The following steps outline the upgrade procedure for a 3-node Apache Kafka service:

3-node Kafka service

During an upgrade procedure:

  1. Start new nodes: New Apache Kafka® nodes are started alongside the existing nodes.

  2. Join the cluster: The new nodes join the Apache Kafka cluster once they are running.

    note

    The Apache Kafka cluster now contains a mix of old and new nodes.

  3. Transfer data and leadership: The partition data and leadership are transferred to new nodes.

    Kafka cluster illustration
    warning

    This step is CPU intensive due to the additional data movement overhead.

  4. Retire old nodes: Old nodes are retired after their data is fully transferred.

    note

    The number of new nodes added depends on the cluster size. By default, up to 6 nodes are replaced at a time during the upgrade.

  5. Complete process: The upgrade is complete when all old nodes are removed.

    Kafka cluster new node illustration

Zero downtime during upgrade

The upgrade process ensures no downtime. Active nodes remain operational, and the service URI continues to resolve to all active nodes. However, partition transfers create additional load, which can slow cluster performance if the cluster is already under heavy load.

During partition transfers, clients attempting to produce or consume messages might encounter leader not found warnings. Most client libraries handle these warnings automatically, but they can still appear in logs.

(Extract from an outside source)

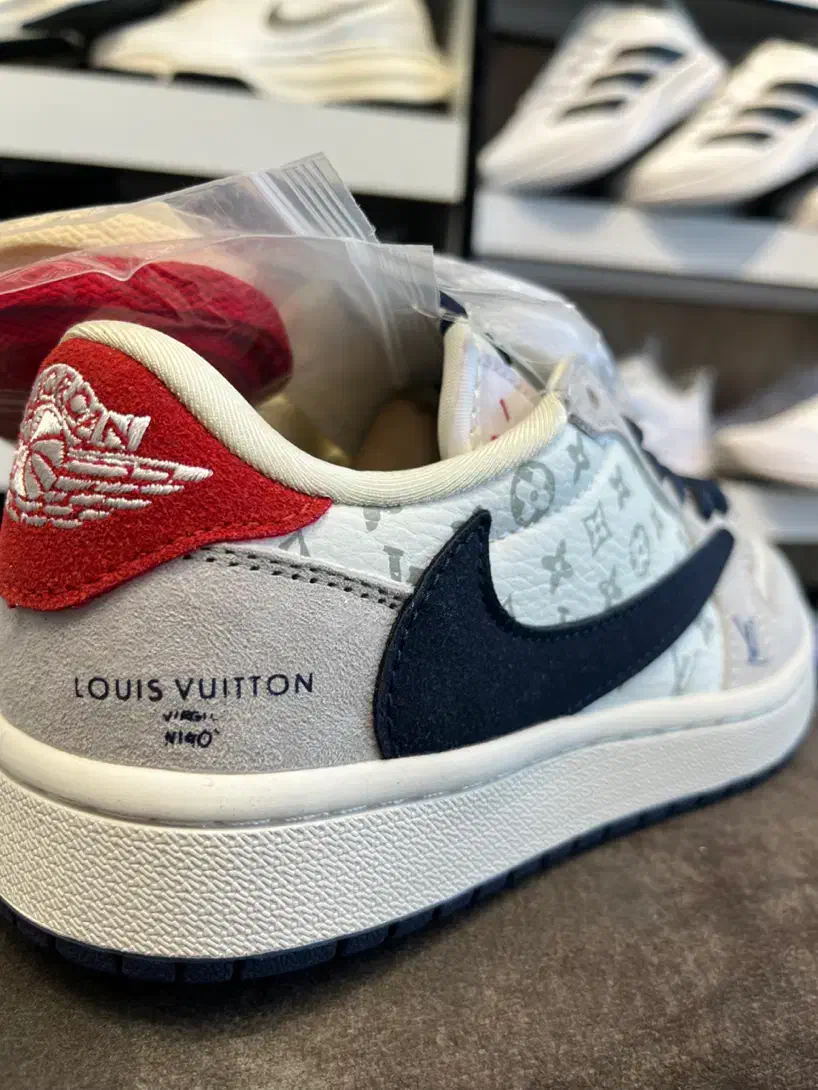 کتونی نایک جردن تراویس لویی ویتون سایز زنانه|کیف، کفش، کمربند|تهران, باشگاه نفت|دیوار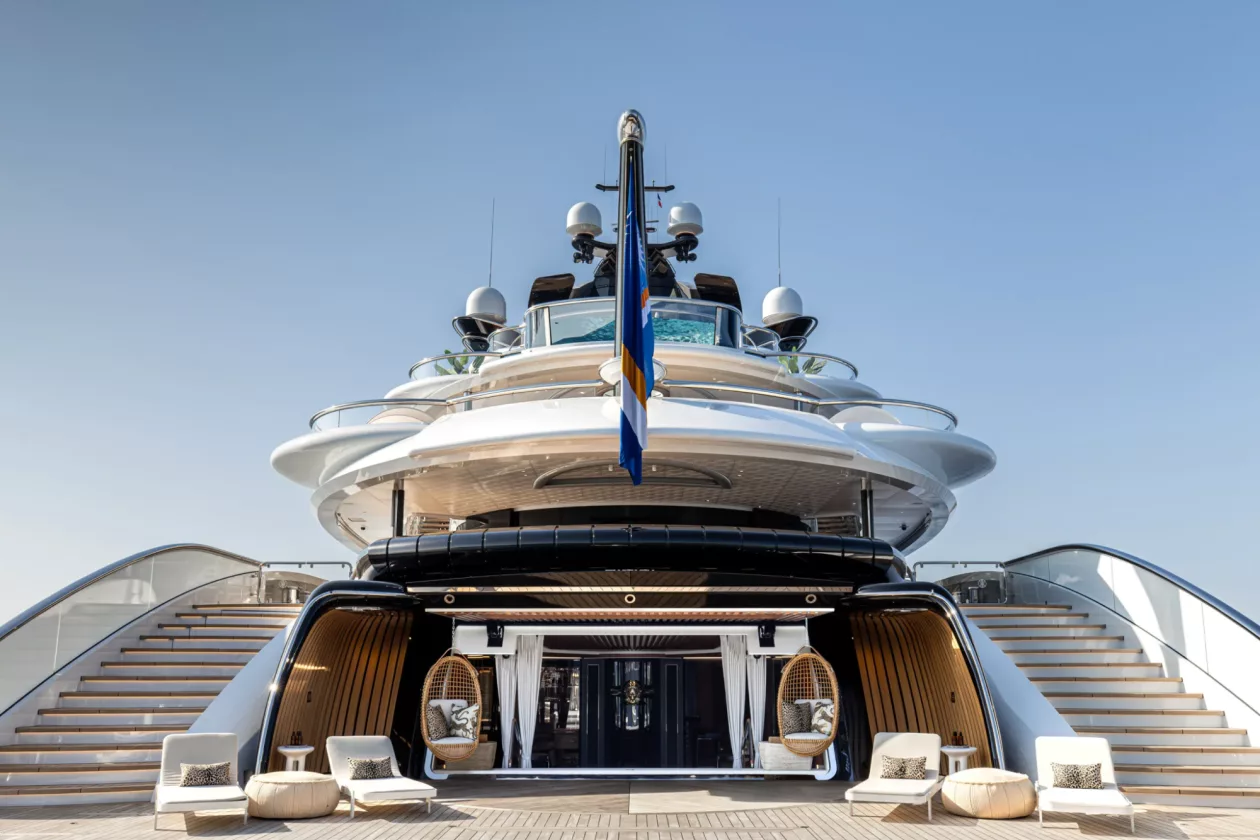 Who owns yacht kismet 3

For more information, see NOT_LEADER_FOR_PARTITION errors.

Upgrade duration

The upgrade duration depends on several factors:

  • Data volume: Larger data volumes increase the time required.
  • Number of partitions: Each partition adds processing overhead.
  • Cluster load: Heavily loaded clusters have fewer resources available for upgrades.

To reduce upgrade times, Aiven recommends performing upgrades during periods of low traffic to minimize the impact on producers and consumers. If your service is constrained by resources, consider disabling non-essential workloads during the upgrade. This frees up resources for coordinating and transferring data between nodes, improving efficiency.

Rollback options

Rollback is not available because old nodes are removed once the upgrade progresses.

note

Nodes holding data are not removed from the cluster to prevent data loss. If the upgrade does not progress, old nodes remain in the cluster.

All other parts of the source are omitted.